Lea ist eine beste Freundin, spielt Volleyball und geht in die neunte Klasse. Das sind drei gute Gründe, um ein soziales Netzwerk zu nutzen. Also schreibt sie Dinge wie: BFF (best friends forever); die angeschriebene Alex antwortet mit ABF (allerbeste Freundin) und betont: hdl (hab dich lieb). Es sind Beweise gegenseitiger Zuneigung, verschlüsselt in der Teenie-Sprache der Digital Natives, also der jungen Generation, die quasi online auf die Welt gekommen ist.

Vor ein paar Monaten lief ihre Kommunikation noch über Facebook ab. Inzwischen ist Whatsapp das soziale Netzwerk der Wahl. Es ist unkomplizierter, macht nicht so viel Mühe. Rasend schnell lassen sich Nachrichten, Bilder und Videos verbreiten. Inzwischen ist Lea meistens on(line), das beweist der Hinweis bei Whatsapp. Sie tippt unter der Schulbank, im Bus, beim Zahnarzt, am Küchentisch, beim Familienessen in der Pizzeria. Ist mal besagte ABF zu Besuch, dann tippen Lea und Alex gemeinsam.

Dass Lea ihre Freundinnen stets im virtuellen Schlepptau mit dabei hat, „ist eine enorme Leistung“, sagt Jugendforscher Klaus Hurrelmann. „Jugendliche können sich heute wunderbar im Netz präsentieren“, lobt er, „und sie beziehen andere mit ein“ – egal, ob sie shoppen, ins Kino gehen oder die Oma besuchen.

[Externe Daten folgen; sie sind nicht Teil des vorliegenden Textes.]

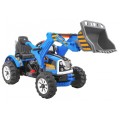 Bateriový buldozer pro děti Traktor Modrý + Pohyblivé lízátko + Trabka + Pásy + 2 rychlosti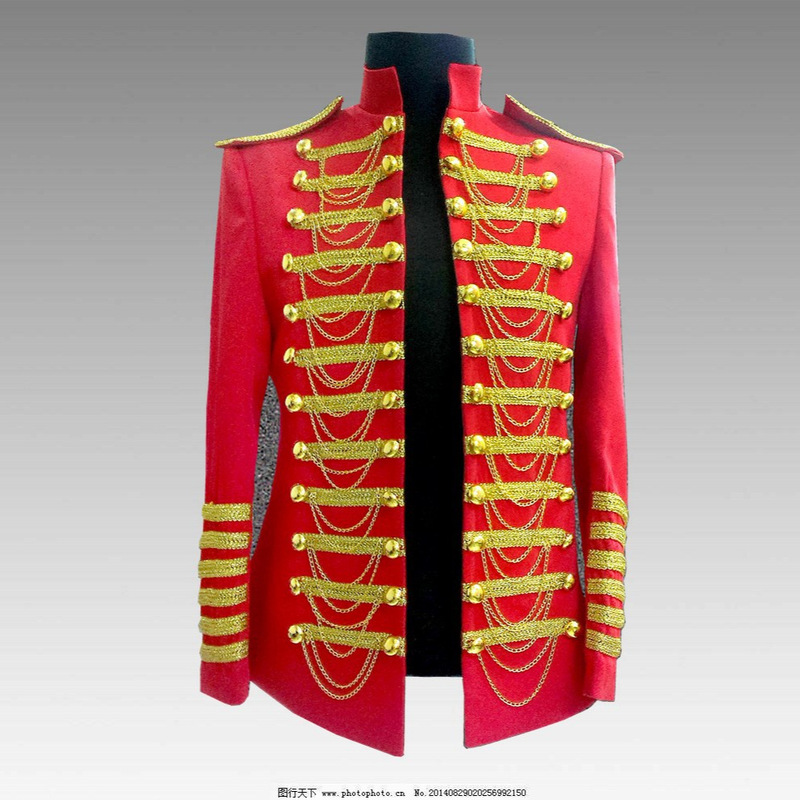 Court Gentleman's Dress Groom's Dress Banquet Male Singer Golden Lace Punk Suit Stage Dress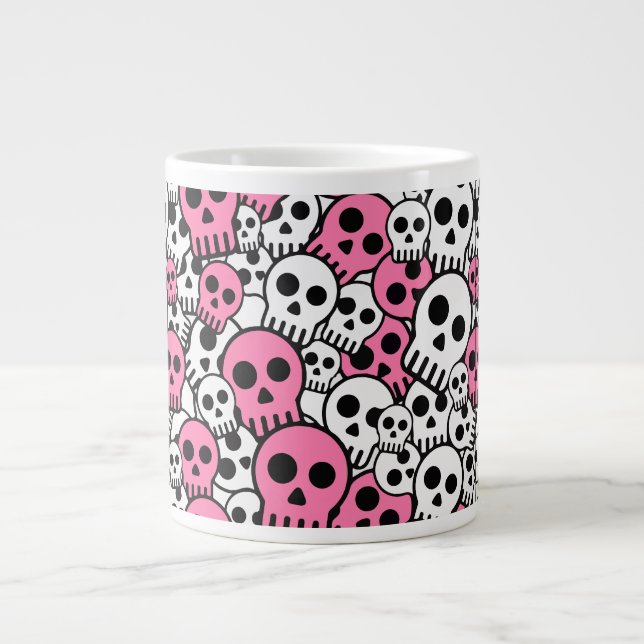 Pink Gothic Skull Pattern Print Jumbo-Tasse (Vorderseite)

Die Oma will auch mal ein klassisches Gespräch führen

Schwierigkeiten gibt es allerdings – weil besagte Oma auch mal ein klassisches Gespräch führen will. „Erzähl mal von der Klassenfahrt nach Berlin“, fordert sie. Lea sagt: „War klasse“ und tippt in ihr Smartphone an alle anderen einen zerknirschten Smiley sowie die Worte: „Ekelchips im Vierbettzimmer“. Die Oma fragt nach Besichtigungen, Lea antwortet: „Keine Ahnung, Reichstag und so“, und schickt an Alex, die ein Foto von sich samt neuer Jeans geschickt hat, einen nach oben zeigenden Daumen.

Klassenkameradin Anna will die Hausaufgaben in Physik wissen – Lea tippt „weiß ich auch nicht“, während sie der Oma antwortet: „Die Stadtrundfahrt war langweilig“. Als die Oma den Fernseher einschaltet, lacht Lea auf, weil Freundin Sophie einen Klassennachmittag auf der Eisbahn organisieren will.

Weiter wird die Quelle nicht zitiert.